ASSIGNED TASK. Leaving out the pictures, return word for word the stretch of entries below from the line holding "produkcji ! KOMIS TYSIAK" through the line holding "HONDA CIVIC 2020 - SHHFK7H32LU422982".

EXERCISE INPUTS.
=-=-=

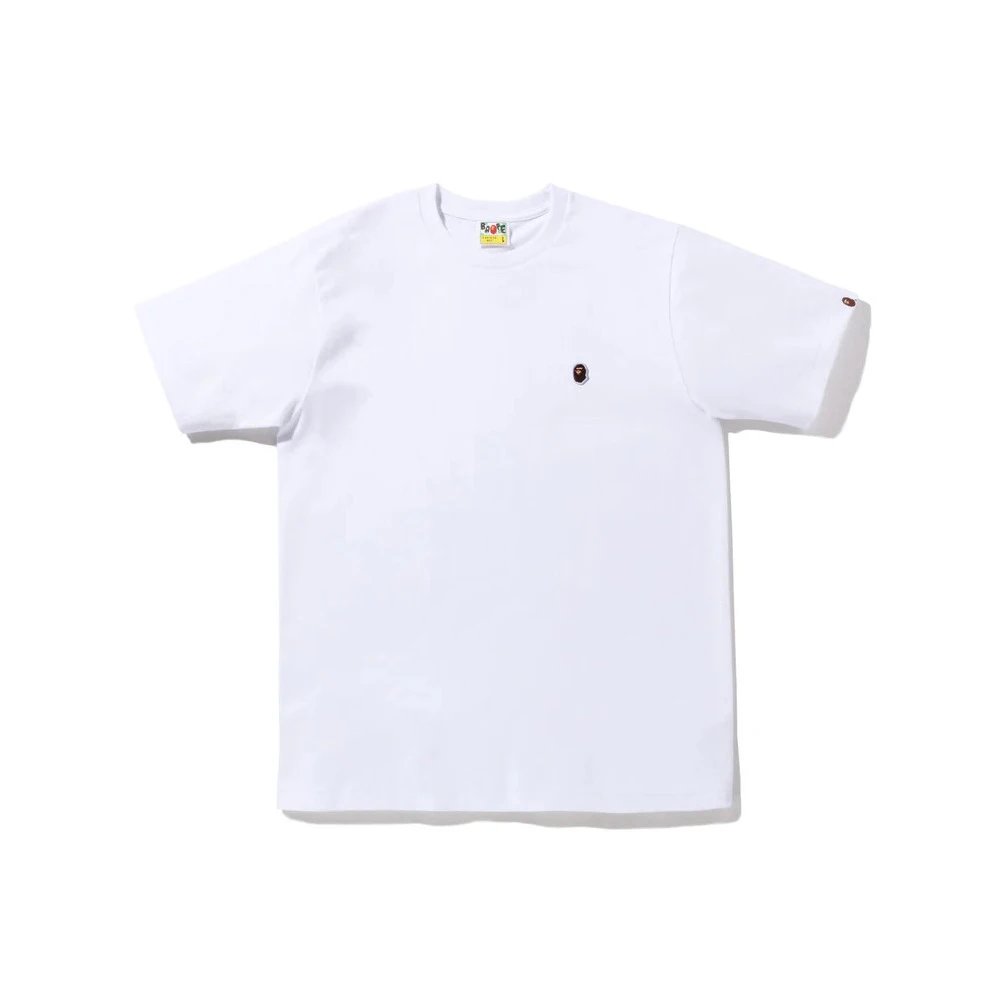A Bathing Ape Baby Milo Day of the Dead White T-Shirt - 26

=-=-=

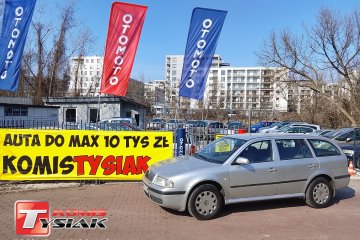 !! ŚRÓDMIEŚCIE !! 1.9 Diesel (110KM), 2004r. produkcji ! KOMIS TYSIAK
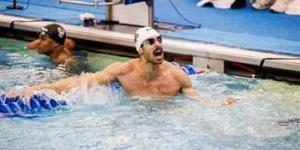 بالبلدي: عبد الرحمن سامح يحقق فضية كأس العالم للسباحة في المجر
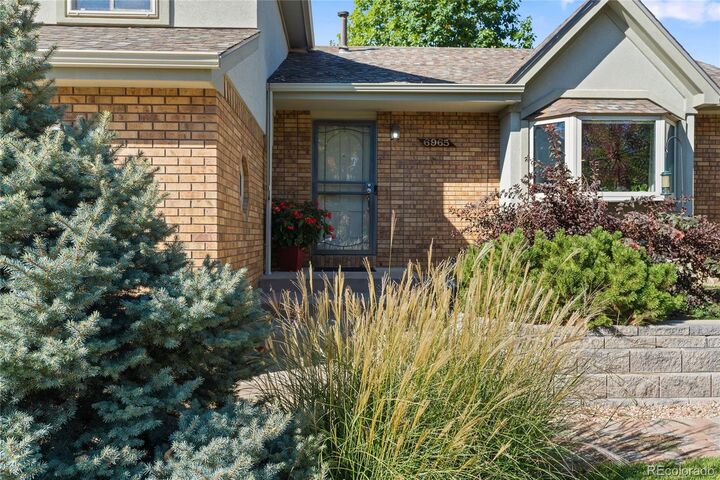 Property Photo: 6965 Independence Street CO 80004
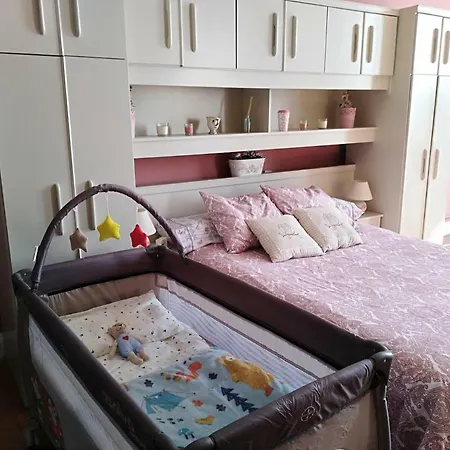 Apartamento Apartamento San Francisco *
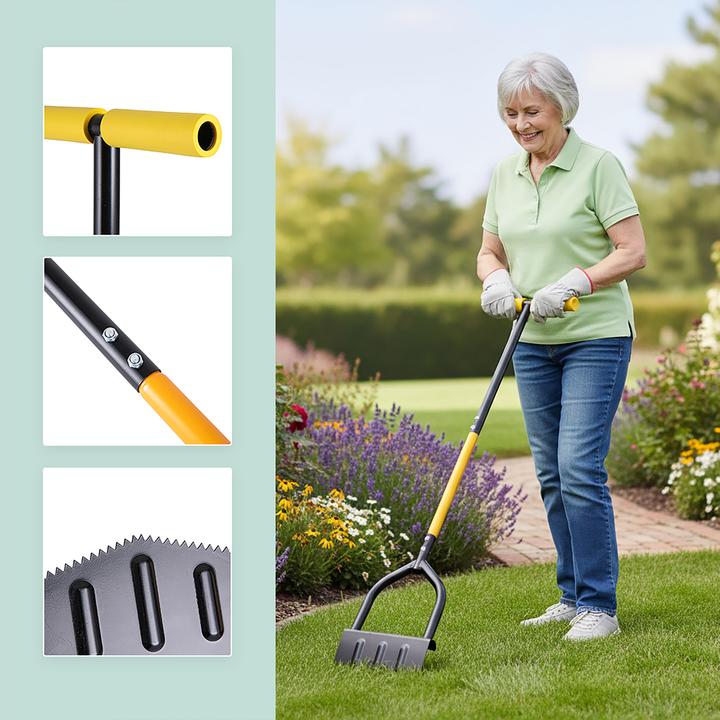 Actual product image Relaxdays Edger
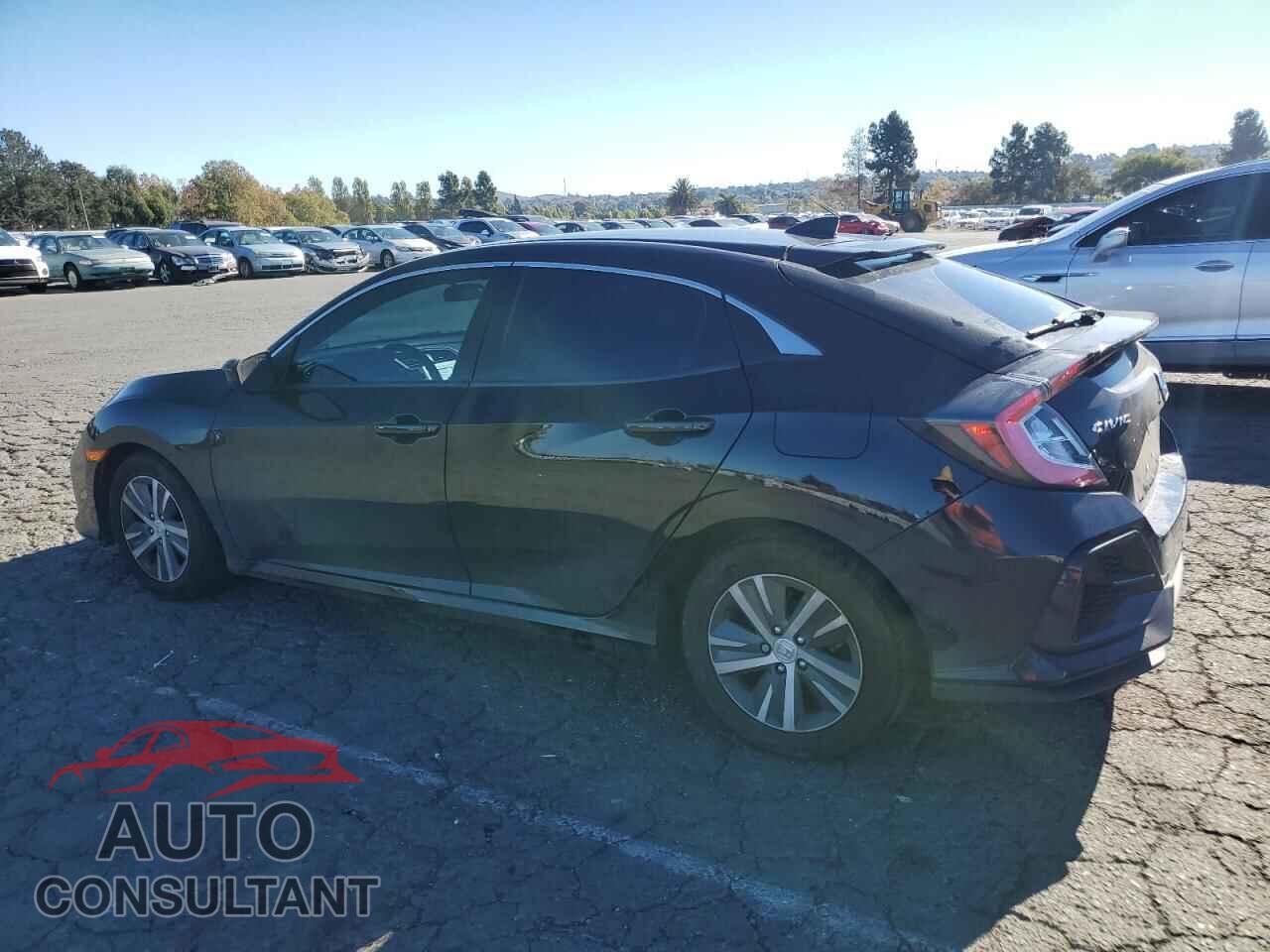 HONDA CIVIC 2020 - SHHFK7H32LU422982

=-=-=

TASK SOLUTION.
 !! ŚRÓDMIEŚCIE !! 1.9 Diesel (110KM), 2004r. produkcji ! KOMIS TYSIAK
 بالبلدي: عبد الرحمن سامح يحقق فضية كأس العالم للسباحة في المجر
 Property Photo: 6965 Independence Street CO 80004
 Apartamento Apartamento San Francisco *
 Actual product image Relaxdays Edger
 HONDA CIVIC 2020 - SHHFK7H32LU422982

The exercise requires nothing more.